RECORDS FOR THE EXERCISE Block Start

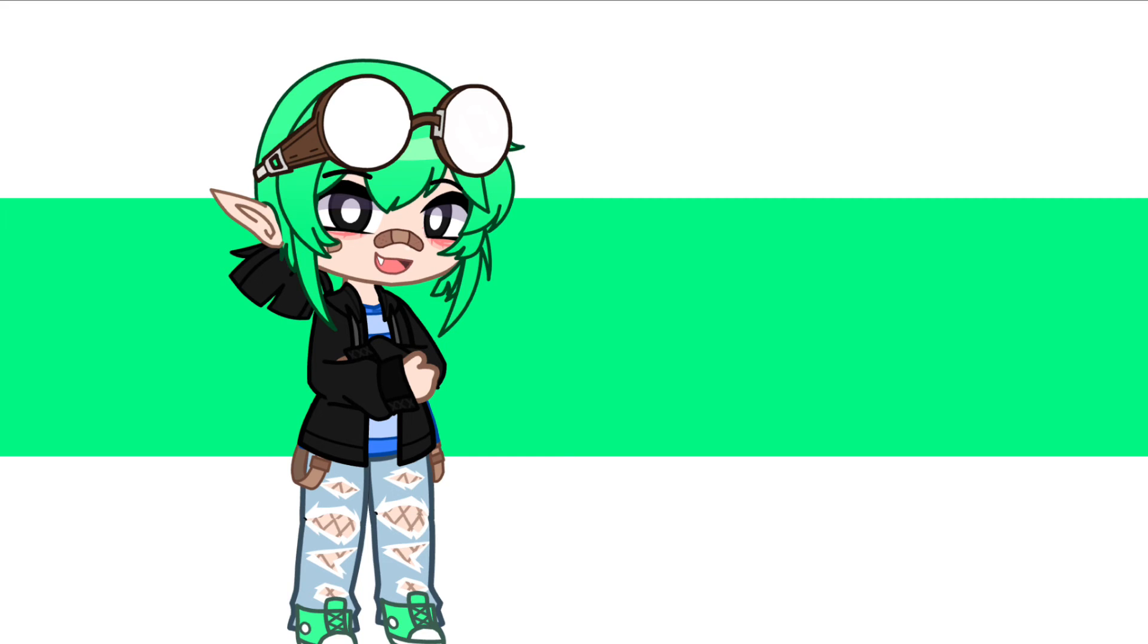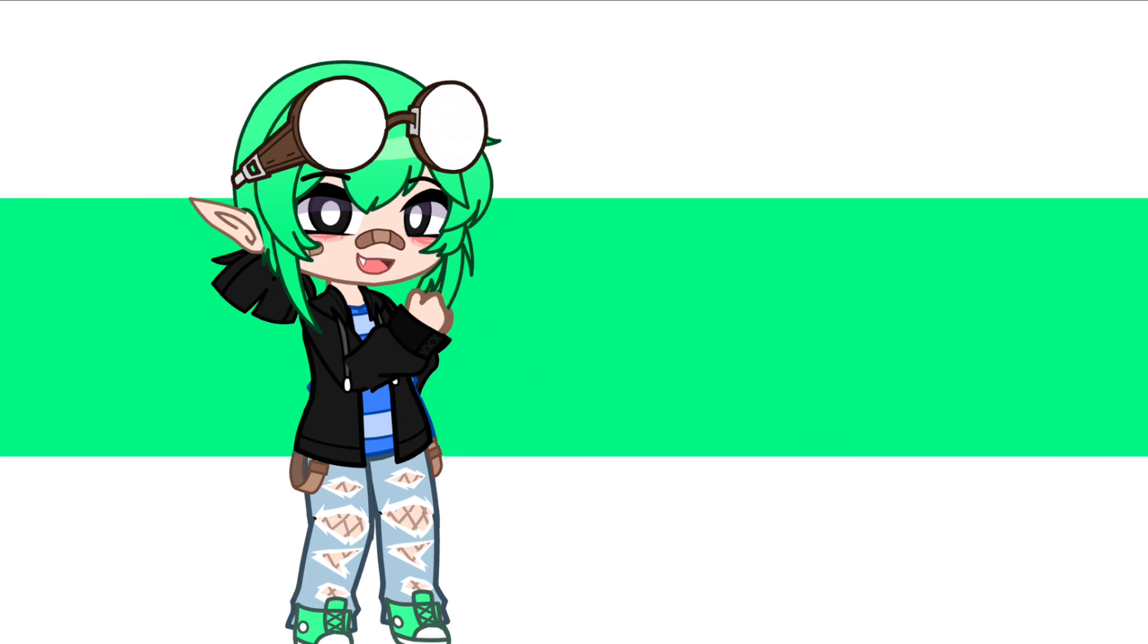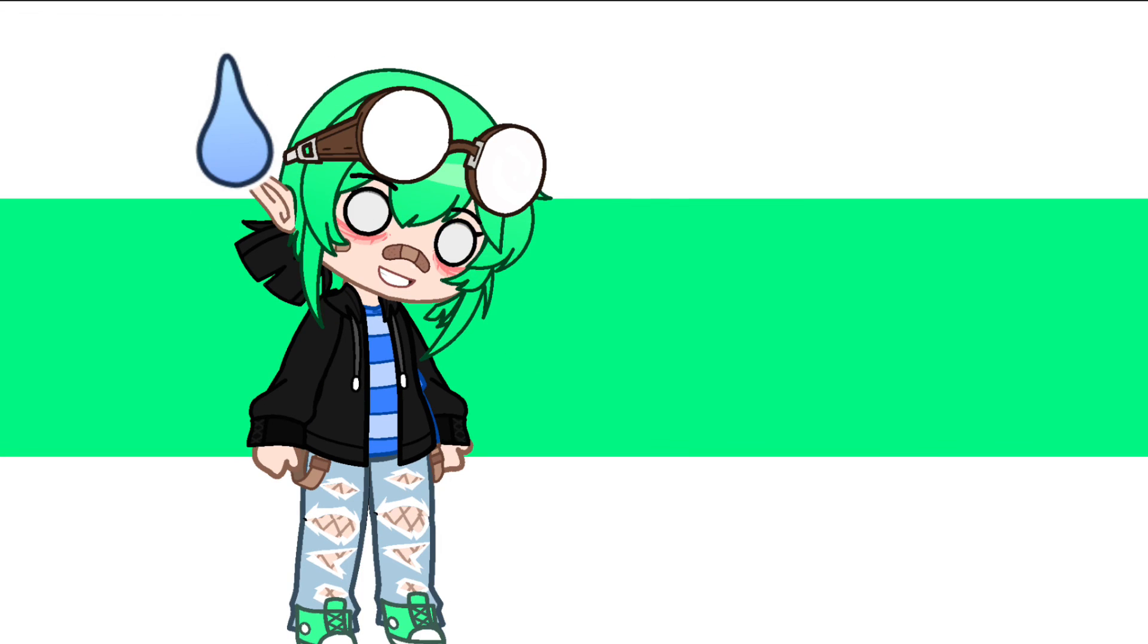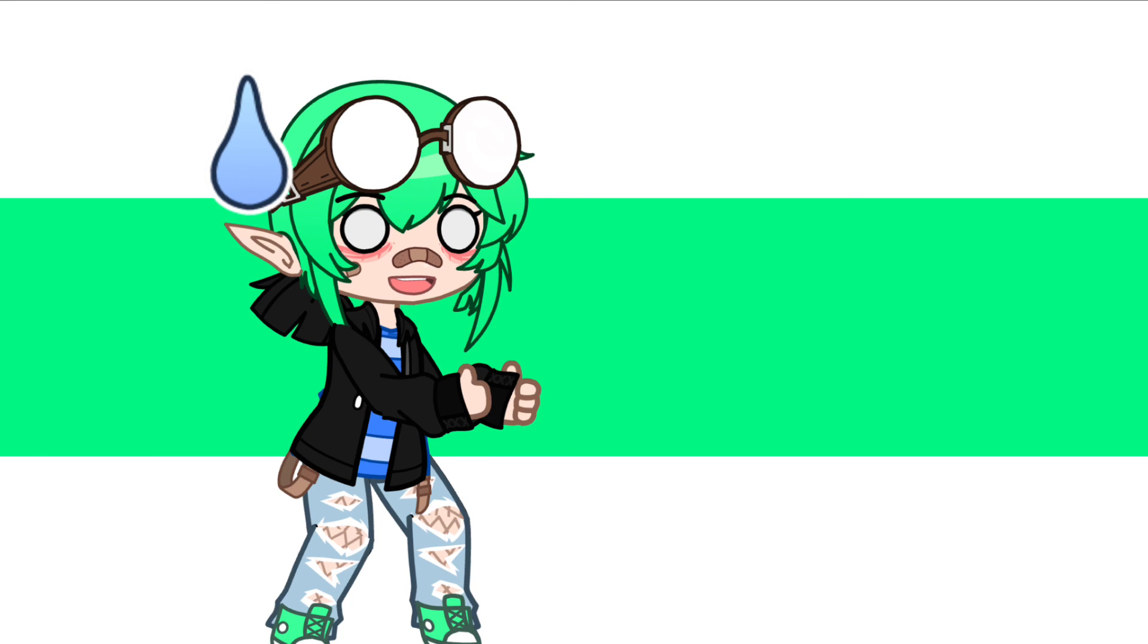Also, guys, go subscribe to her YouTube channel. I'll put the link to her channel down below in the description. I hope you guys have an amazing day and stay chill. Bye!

RECORDS FOR THE EXERCISE Block End
RECORDS FOR THE EXERCISE Block Start

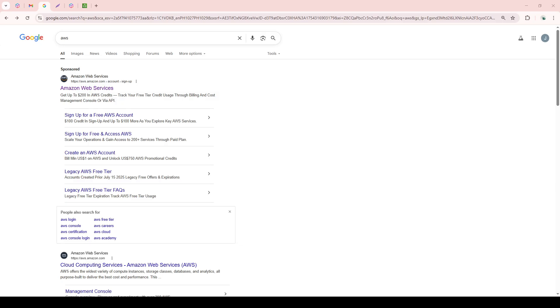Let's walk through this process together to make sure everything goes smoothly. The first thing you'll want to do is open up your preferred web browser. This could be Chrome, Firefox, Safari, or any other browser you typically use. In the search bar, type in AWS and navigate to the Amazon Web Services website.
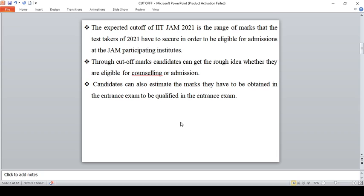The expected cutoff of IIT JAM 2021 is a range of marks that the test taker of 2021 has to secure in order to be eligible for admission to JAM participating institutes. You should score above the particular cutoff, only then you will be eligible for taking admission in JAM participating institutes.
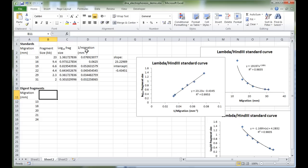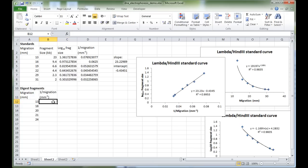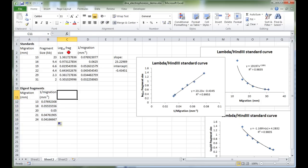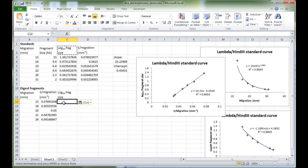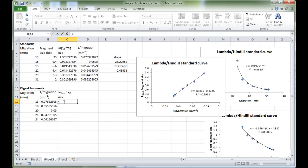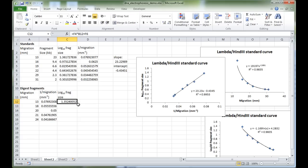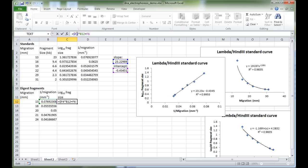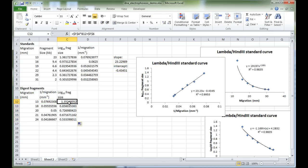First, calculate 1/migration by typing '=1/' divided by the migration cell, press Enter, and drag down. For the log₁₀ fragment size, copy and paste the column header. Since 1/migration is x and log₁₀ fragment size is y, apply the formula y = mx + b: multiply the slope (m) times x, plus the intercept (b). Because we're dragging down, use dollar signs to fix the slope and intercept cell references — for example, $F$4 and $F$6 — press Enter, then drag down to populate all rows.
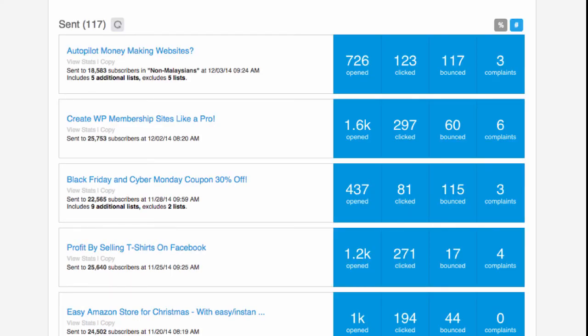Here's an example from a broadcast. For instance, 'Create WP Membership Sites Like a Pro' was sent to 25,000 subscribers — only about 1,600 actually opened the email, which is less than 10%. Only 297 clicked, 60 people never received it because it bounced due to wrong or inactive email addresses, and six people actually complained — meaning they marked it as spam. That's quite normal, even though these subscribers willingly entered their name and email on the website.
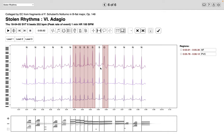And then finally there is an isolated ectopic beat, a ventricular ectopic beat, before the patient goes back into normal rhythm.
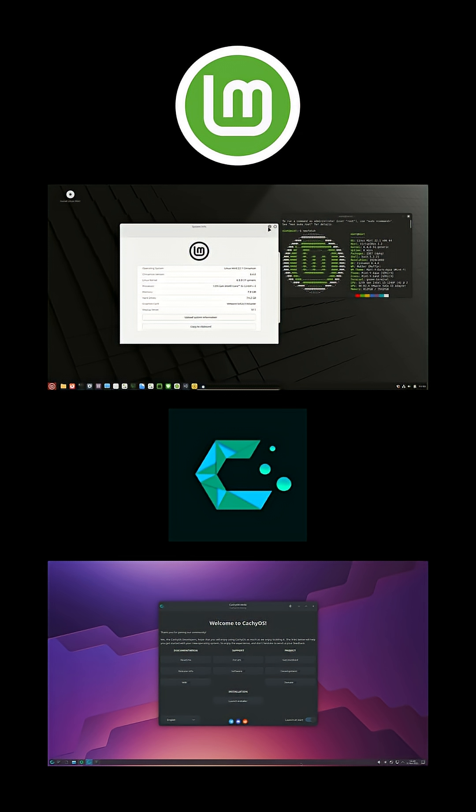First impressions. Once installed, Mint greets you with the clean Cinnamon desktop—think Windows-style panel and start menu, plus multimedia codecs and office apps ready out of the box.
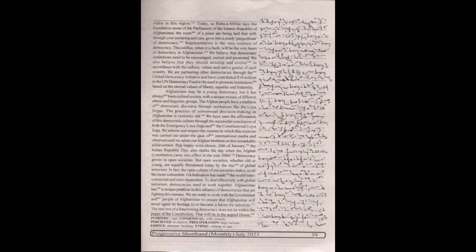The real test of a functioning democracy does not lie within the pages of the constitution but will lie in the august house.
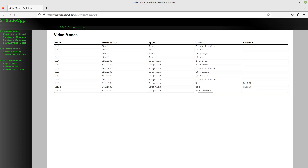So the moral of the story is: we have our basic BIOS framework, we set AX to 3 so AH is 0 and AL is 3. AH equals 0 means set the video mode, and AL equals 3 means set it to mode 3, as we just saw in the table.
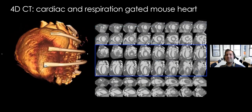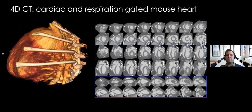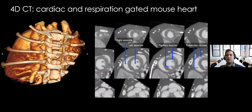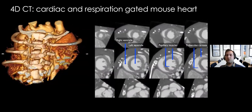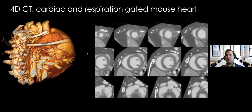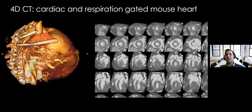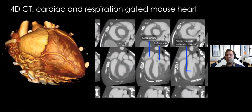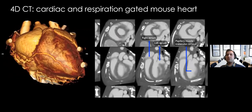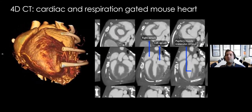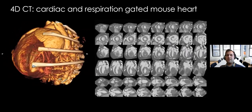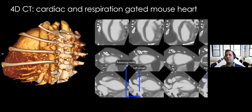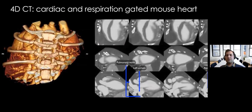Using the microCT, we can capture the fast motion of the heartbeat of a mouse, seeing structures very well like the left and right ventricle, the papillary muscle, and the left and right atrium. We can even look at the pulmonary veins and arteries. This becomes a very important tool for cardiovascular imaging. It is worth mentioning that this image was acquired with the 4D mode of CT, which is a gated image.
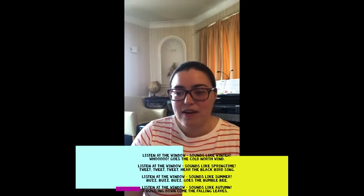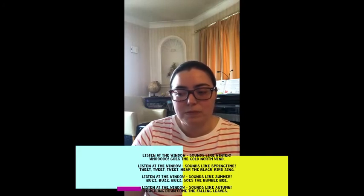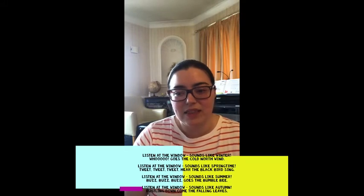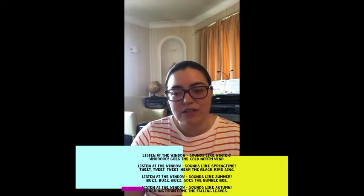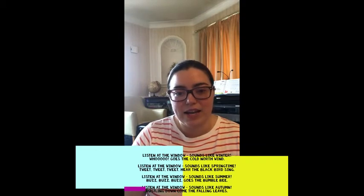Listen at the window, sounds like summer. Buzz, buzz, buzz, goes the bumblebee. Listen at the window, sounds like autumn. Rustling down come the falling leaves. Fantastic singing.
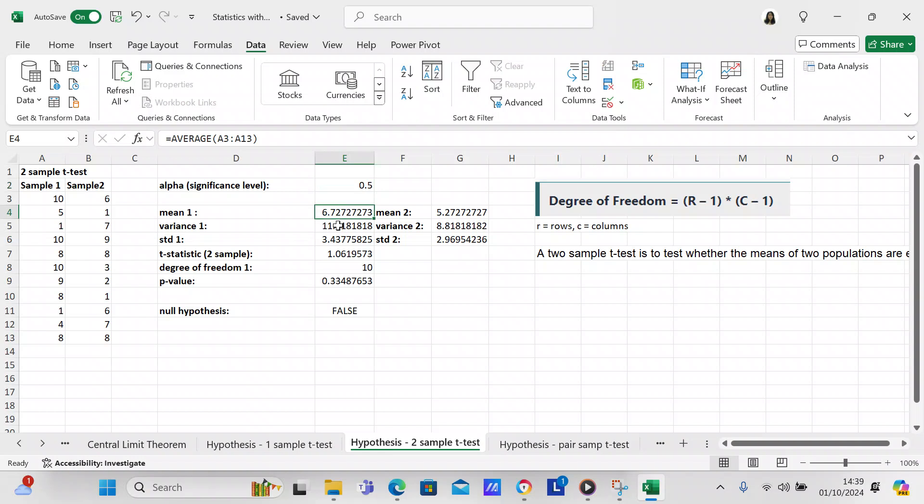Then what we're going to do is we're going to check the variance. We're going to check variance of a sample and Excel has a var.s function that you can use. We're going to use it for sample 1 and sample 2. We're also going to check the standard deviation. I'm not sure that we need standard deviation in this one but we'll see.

RECORDS FOR THE EXERCISE Block End

__WHAT IS EXPECTED__.
Transcribe the lines above exactly, beginning at the one with "The real test" and ending at the one with "So the moral". Include both; exclude the pictures.

__TASK ANSWER__.
The real test of a functioning democracy does not lie within the pages of the constitution but will lie in the august house.
So the moral of the story is: we have our basic BIOS framework, we set AX to 3 so AH is 0 and AL is 3. AH equals 0 means set the video mode, and AL equals 3 means set it to mode 3, as we just saw in the table.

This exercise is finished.